#### [GIVEN RECORDS]
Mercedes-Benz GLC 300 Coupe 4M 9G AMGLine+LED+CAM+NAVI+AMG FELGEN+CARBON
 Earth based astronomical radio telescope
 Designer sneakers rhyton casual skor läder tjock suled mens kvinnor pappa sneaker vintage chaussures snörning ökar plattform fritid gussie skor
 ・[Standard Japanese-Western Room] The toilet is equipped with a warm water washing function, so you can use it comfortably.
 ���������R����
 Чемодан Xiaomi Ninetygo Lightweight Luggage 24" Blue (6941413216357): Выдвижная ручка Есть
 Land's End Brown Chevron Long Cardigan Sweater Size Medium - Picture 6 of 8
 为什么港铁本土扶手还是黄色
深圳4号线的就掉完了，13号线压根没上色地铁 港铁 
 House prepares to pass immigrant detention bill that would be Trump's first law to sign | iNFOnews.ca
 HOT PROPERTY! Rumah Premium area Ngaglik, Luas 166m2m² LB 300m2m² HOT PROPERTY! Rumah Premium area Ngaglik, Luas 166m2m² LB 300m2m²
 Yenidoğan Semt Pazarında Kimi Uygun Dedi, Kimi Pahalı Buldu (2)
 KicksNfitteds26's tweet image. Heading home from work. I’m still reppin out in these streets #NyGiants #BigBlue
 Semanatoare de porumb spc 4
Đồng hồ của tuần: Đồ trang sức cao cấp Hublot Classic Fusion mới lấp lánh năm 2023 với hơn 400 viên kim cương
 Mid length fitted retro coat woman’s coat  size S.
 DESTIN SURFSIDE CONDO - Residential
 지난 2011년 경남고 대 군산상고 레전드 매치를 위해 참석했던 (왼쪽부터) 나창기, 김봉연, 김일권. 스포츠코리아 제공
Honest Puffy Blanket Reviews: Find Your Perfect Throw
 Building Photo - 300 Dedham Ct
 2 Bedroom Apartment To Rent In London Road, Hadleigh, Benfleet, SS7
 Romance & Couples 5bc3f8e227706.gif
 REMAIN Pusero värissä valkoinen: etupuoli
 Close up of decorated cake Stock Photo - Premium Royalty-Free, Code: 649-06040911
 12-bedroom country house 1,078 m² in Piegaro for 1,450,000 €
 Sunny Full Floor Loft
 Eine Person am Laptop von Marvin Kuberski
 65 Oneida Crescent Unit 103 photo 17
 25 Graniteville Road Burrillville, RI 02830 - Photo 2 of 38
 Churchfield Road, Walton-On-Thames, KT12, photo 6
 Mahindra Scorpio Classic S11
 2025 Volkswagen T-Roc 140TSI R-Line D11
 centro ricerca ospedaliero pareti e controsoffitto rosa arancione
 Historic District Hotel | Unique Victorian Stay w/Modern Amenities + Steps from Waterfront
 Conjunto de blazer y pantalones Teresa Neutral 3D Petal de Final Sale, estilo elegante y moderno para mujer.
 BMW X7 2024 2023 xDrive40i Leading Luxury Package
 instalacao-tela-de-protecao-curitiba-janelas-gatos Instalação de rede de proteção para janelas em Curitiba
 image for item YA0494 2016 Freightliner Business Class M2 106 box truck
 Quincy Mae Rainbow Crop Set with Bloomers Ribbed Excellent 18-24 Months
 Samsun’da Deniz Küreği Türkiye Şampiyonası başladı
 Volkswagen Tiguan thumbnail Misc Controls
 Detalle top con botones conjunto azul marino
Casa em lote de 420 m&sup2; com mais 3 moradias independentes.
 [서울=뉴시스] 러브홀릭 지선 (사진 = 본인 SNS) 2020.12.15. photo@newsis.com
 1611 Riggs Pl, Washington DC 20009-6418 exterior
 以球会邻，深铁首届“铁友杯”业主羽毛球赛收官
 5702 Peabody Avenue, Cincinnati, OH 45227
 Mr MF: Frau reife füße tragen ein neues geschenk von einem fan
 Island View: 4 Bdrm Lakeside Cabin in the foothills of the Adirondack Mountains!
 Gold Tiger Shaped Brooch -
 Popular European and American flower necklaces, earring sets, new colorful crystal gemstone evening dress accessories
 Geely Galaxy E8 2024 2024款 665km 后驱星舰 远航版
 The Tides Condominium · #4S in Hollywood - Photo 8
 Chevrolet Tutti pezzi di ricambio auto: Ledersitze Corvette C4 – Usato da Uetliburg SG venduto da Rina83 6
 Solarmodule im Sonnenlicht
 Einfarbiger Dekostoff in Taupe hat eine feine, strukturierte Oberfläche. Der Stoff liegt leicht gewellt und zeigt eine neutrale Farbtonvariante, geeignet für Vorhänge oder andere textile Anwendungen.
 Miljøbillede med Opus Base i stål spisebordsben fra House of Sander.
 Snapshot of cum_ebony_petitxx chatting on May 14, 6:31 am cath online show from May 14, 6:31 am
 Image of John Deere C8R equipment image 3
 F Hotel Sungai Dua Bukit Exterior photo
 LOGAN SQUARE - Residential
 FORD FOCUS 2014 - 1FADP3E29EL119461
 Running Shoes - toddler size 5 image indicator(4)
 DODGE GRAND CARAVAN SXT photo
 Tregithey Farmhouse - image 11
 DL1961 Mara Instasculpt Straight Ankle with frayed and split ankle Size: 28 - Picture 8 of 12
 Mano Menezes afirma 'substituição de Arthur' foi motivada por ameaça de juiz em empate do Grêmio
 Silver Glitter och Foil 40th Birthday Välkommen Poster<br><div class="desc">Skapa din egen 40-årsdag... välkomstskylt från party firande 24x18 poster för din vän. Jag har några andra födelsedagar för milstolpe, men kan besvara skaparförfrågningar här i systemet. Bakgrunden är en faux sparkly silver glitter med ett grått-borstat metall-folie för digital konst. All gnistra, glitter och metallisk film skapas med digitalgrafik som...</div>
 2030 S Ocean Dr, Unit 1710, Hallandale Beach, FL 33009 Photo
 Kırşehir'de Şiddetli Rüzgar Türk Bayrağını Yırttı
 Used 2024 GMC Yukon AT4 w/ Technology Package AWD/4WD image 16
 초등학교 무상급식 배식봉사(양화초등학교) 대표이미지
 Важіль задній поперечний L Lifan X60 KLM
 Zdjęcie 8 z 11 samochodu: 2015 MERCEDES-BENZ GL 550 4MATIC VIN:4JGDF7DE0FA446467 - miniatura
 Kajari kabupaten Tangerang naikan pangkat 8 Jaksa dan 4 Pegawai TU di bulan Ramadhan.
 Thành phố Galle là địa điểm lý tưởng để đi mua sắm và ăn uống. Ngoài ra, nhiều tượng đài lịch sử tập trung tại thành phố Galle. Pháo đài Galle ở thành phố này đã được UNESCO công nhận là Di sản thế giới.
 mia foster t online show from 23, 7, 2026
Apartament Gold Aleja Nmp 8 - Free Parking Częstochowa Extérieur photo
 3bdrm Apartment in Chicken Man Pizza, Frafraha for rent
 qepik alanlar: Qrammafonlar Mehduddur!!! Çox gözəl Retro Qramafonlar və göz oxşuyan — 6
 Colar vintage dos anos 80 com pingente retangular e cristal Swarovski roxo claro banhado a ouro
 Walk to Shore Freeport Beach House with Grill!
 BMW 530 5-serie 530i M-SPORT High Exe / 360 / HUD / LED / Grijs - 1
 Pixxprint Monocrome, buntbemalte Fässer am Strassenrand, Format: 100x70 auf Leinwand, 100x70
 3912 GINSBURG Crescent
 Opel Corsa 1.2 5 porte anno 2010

#### [ASSIGNMENT]
Every line of the data above should be reproduced word for word.

#### [RESULT OF THIS EXERCISE]
Mercedes-Benz GLC 300 Coupe 4M 9G AMGLine+LED+CAM+NAVI+AMG FELGEN+CARBON
 Earth based astronomical radio telescope
 Designer sneakers rhyton casual skor läder tjock suled mens kvinnor pappa sneaker vintage chaussures snörning ökar plattform fritid gussie skor
 ・[Standard Japanese-Western Room] The toilet is equipped with a warm water washing function, so you can use it comfortably.
 ���������R����
 Чемодан Xiaomi Ninetygo Lightweight Luggage 24" Blue (6941413216357): Выдвижная ручка Есть
 Land's End Brown Chevron Long Cardigan Sweater Size Medium - Picture 6 of 8
 为什么港铁本土扶手还是黄色
深圳4号线的就掉完了，13号线压根没上色地铁 港铁 
 House prepares to pass immigrant detention bill that would be Trump's first law to sign | iNFOnews.ca
 HOT PROPERTY! Rumah Premium area Ngaglik, Luas 166m2m² LB 300m2m² HOT PROPERTY! Rumah Premium area Ngaglik, Luas 166m2m² LB 300m2m²
 Yenidoğan Semt Pazarında Kimi Uygun Dedi, Kimi Pahalı Buldu (2)
 KicksNfitteds26's tweet image. Heading home from work. I’m still reppin out in these streets #NyGiants #BigBlue
 Semanatoare de porumb spc 4
Đồng hồ của tuần: Đồ trang sức cao cấp Hublot Classic Fusion mới lấp lánh năm 2023 với hơn 400 viên kim cương
 Mid length fitted retro coat woman’s coat  size S.
 DESTIN SURFSIDE CONDO - Residential
 지난 2011년 경남고 대 군산상고 레전드 매치를 위해 참석했던 (왼쪽부터) 나창기, 김봉연, 김일권. 스포츠코리아 제공
Honest Puffy Blanket Reviews: Find Your Perfect Throw
 Building Photo - 300 Dedham Ct
 2 Bedroom Apartment To Rent In London Road, Hadleigh, Benfleet, SS7
 Romance & Couples 5bc3f8e227706.gif
 REMAIN Pusero värissä valkoinen: etupuoli
 Close up of decorated cake Stock Photo - Premium Royalty-Free, Code: 649-06040911
 12-bedroom country house 1,078 m² in Piegaro for 1,450,000 €
 Sunny Full Floor Loft
 Eine Person am Laptop von Marvin Kuberski
 65 Oneida Crescent Unit 103 photo 17
 25 Graniteville Road Burrillville, RI 02830 - Photo 2 of 38
 Churchfield Road, Walton-On-Thames, KT12, photo 6
 Mahindra Scorpio Classic S11
 2025 Volkswagen T-Roc 140TSI R-Line D11
 centro ricerca ospedaliero pareti e controsoffitto rosa arancione
 Historic District Hotel | Unique Victorian Stay w/Modern Amenities + Steps from Waterfront
 Conjunto de blazer y pantalones Teresa Neutral 3D Petal de Final Sale, estilo elegante y moderno para mujer.
 BMW X7 2024 2023 xDrive40i Leading Luxury Package
 instalacao-tela-de-protecao-curitiba-janelas-gatos Instalação de rede de proteção para janelas em Curitiba
 image for item YA0494 2016 Freightliner Business Class M2 106 box truck
 Quincy Mae Rainbow Crop Set with Bloomers Ribbed Excellent 18-24 Months
 Samsun’da Deniz Küreği Türkiye Şampiyonası başladı
 Volkswagen Tiguan thumbnail Misc Controls
 Detalle top con botones conjunto azul marino
Casa em lote de 420 m&sup2; com mais 3 moradias independentes.
 [서울=뉴시스] 러브홀릭 지선 (사진 = 본인 SNS) 2020.12.15. photo@newsis.com
 1611 Riggs Pl, Washington DC 20009-6418 exterior
 以球会邻，深铁首届“铁友杯”业主羽毛球赛收官
 5702 Peabody Avenue, Cincinnati, OH 45227
 Mr MF: Frau reife füße tragen ein neues geschenk von einem fan
 Island View: 4 Bdrm Lakeside Cabin in the foothills of the Adirondack Mountains!
 Gold Tiger Shaped Brooch -
 Popular European and American flower necklaces, earring sets, new colorful crystal gemstone evening dress accessories
 Geely Galaxy E8 2024 2024款 665km 后驱星舰 远航版
 The Tides Condominium · #4S in Hollywood - Photo 8
 Chevrolet Tutti pezzi di ricambio auto: Ledersitze Corvette C4 – Usato da Uetliburg SG venduto da Rina83 6
 Solarmodule im Sonnenlicht
 Einfarbiger Dekostoff in Taupe hat eine feine, strukturierte Oberfläche. Der Stoff liegt leicht gewellt und zeigt eine neutrale Farbtonvariante, geeignet für Vorhänge oder andere textile Anwendungen.
 Miljøbillede med Opus Base i stål spisebordsben fra House of Sander.
 Snapshot of cum_ebony_petitxx chatting on May 14, 6:31 am cath online show from May 14, 6:31 am
 Image of John Deere C8R equipment image 3
 F Hotel Sungai Dua Bukit Exterior photo
 LOGAN SQUARE - Residential
 FORD FOCUS 2014 - 1FADP3E29EL119461
 Running Shoes - toddler size 5 image indicator(4)
 DODGE GRAND CARAVAN SXT photo
 Tregithey Farmhouse - image 11
 DL1961 Mara Instasculpt Straight Ankle with frayed and split ankle Size: 28 - Picture 8 of 12
 Mano Menezes afirma 'substituição de Arthur' foi motivada por ameaça de juiz em empate do Grêmio
 Silver Glitter och Foil 40th Birthday Välkommen Poster<br><div class="desc">Skapa din egen 40-årsdag... välkomstskylt från party firande 24x18 poster för din vän. Jag har några andra födelsedagar för milstolpe, men kan besvara skaparförfrågningar här i systemet. Bakgrunden är en faux sparkly silver glitter med ett grått-borstat metall-folie för digital konst. All gnistra, glitter och metallisk film skapas med digitalgrafik som...</div>
 2030 S Ocean Dr, Unit 1710, Hallandale Beach, FL 33009 Photo
 Kırşehir'de Şiddetli Rüzgar Türk Bayrağını Yırttı
 Used 2024 GMC Yukon AT4 w/ Technology Package AWD/4WD image 16
 초등학교 무상급식 배식봉사(양화초등학교) 대표이미지
 Важіль задній поперечний L Lifan X60 KLM
 Zdjęcie 8 z 11 samochodu: 2015 MERCEDES-BENZ GL 550 4MATIC VIN:4JGDF7DE0FA446467 - miniatura
 Kajari kabupaten Tangerang naikan pangkat 8 Jaksa dan 4 Pegawai TU di bulan Ramadhan.
 Thành phố Galle là địa điểm lý tưởng để đi mua sắm và ăn uống. Ngoài ra, nhiều tượng đài lịch sử tập trung tại thành phố Galle. Pháo đài Galle ở thành phố này đã được UNESCO công nhận là Di sản thế giới.
 mia foster t online show from 23, 7, 2026
Apartament Gold Aleja Nmp 8 - Free Parking Częstochowa Extérieur photo
 3bdrm Apartment in Chicken Man Pizza, Frafraha for rent
 qepik alanlar: Qrammafonlar Mehduddur!!! Çox gözəl Retro Qramafonlar və göz oxşuyan — 6
 Colar vintage dos anos 80 com pingente retangular e cristal Swarovski roxo claro banhado a ouro
 Walk to Shore Freeport Beach House with Grill!
 BMW 530 5-serie 530i M-SPORT High Exe / 360 / HUD / LED / Grijs - 1
 Pixxprint Monocrome, buntbemalte Fässer am Strassenrand, Format: 100x70 auf Leinwand, 100x70
 3912 GINSBURG Crescent
 Opel Corsa 1.2 5 porte anno 2010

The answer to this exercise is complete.